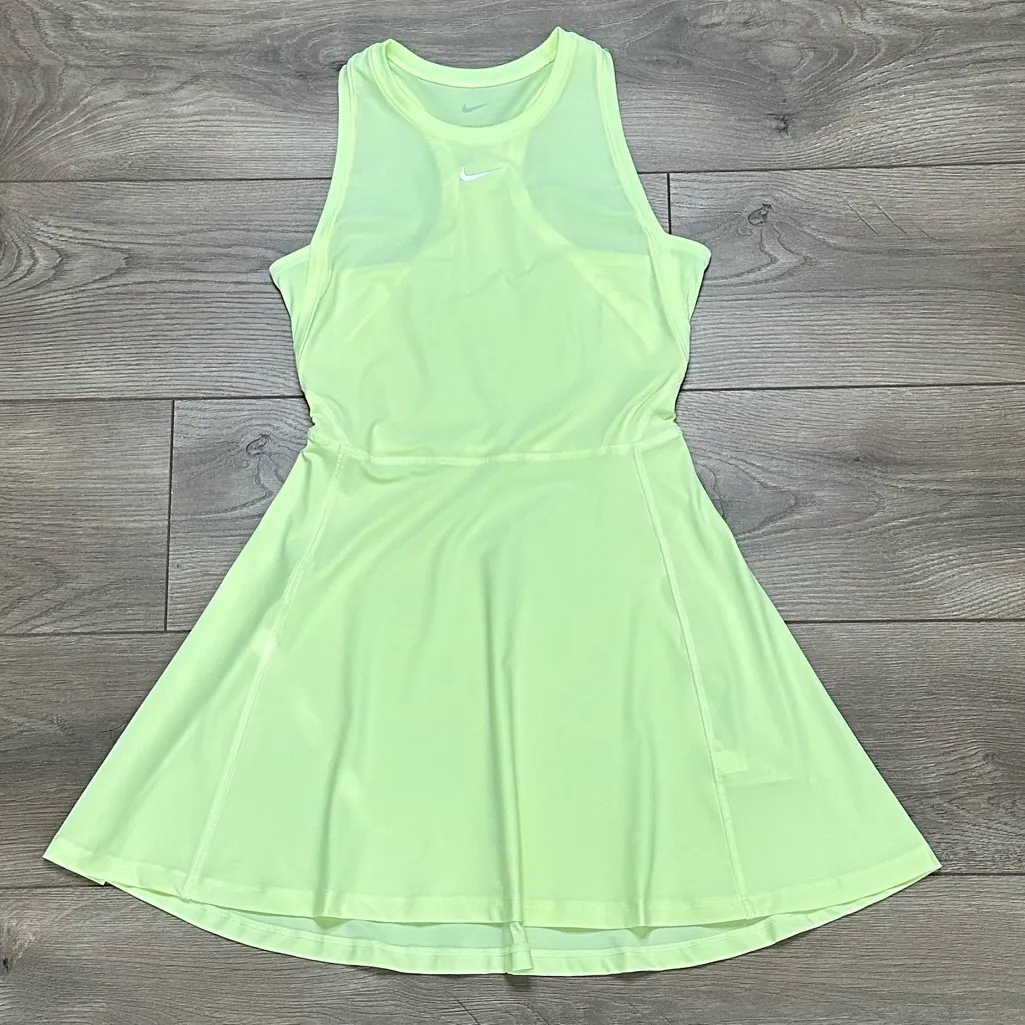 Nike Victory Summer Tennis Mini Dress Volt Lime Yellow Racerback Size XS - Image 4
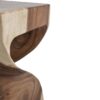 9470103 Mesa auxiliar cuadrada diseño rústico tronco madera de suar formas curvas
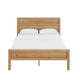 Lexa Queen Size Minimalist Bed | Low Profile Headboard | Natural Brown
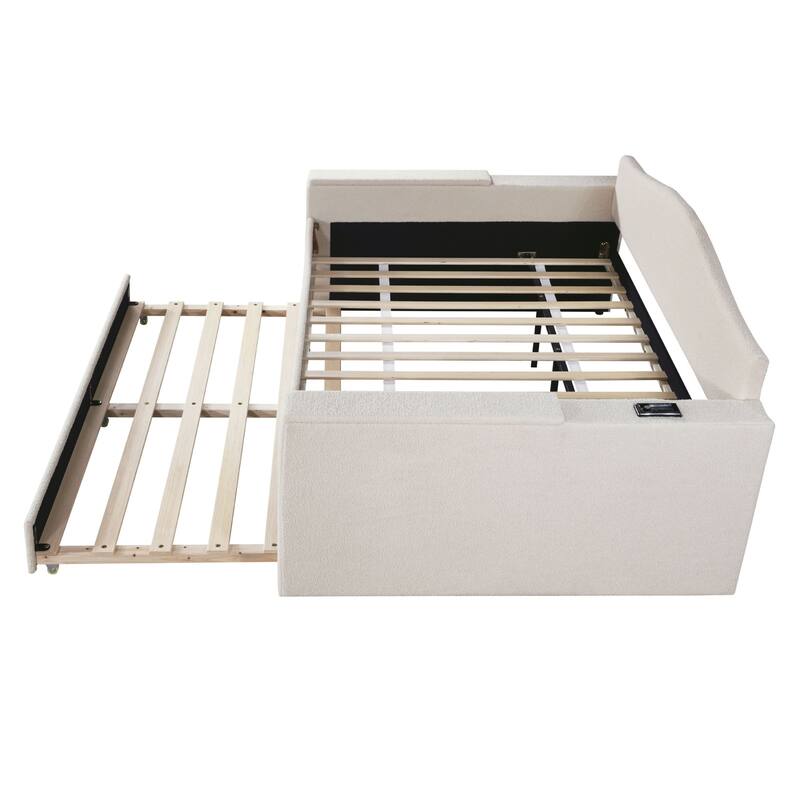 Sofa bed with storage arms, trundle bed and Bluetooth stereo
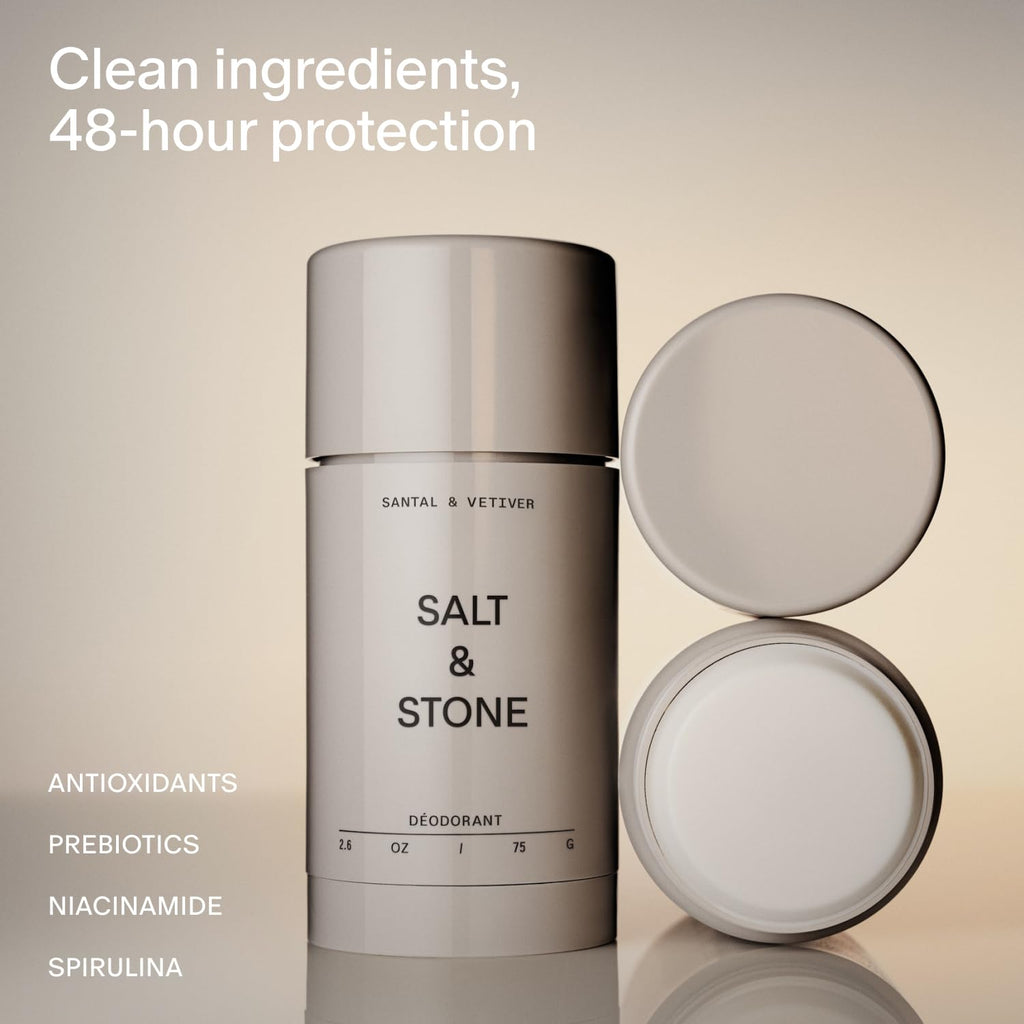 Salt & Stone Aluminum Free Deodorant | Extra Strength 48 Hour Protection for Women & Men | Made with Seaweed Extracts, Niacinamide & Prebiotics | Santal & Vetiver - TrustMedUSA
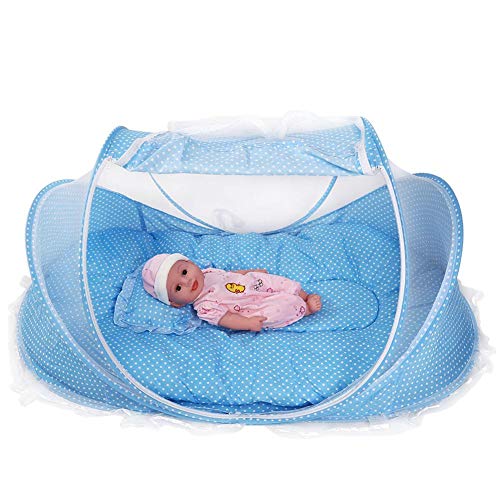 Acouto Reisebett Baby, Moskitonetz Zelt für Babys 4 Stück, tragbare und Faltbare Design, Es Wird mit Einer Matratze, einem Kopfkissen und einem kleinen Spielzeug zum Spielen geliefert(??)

→ EXERCISE PROMPT
Copy out the listing above exactly, and keep the pictures out of it.

→ TASK OUTPUT
 Nike Victory Summer Tennis Mini Dress Volt Lime Yellow Racerback Size XS - Image 4
 9470103 Mesa auxiliar cuadrada diseño rústico tronco madera de suar formas curvas
 Lexa Queen Size Minimalist Bed | Low Profile Headboard | Natural Brown
 Sofa bed with storage arms, trundle bed and Bluetooth stereo
 Salt & Stone Aluminum Free Deodorant | Extra Strength 48 Hour Protection for Women & Men | Made with Seaweed Extracts, Niacinamide & Prebiotics | Santal & Vetiver - TrustMedUSA
 Acouto Reisebett Baby, Moskitonetz Zelt für Babys 4 Stück, tragbare und Faltbare Design, Es Wird mit Einer Matratze, einem Kopfkissen und einem kleinen Spielzeug zum Spielen geliefert(??)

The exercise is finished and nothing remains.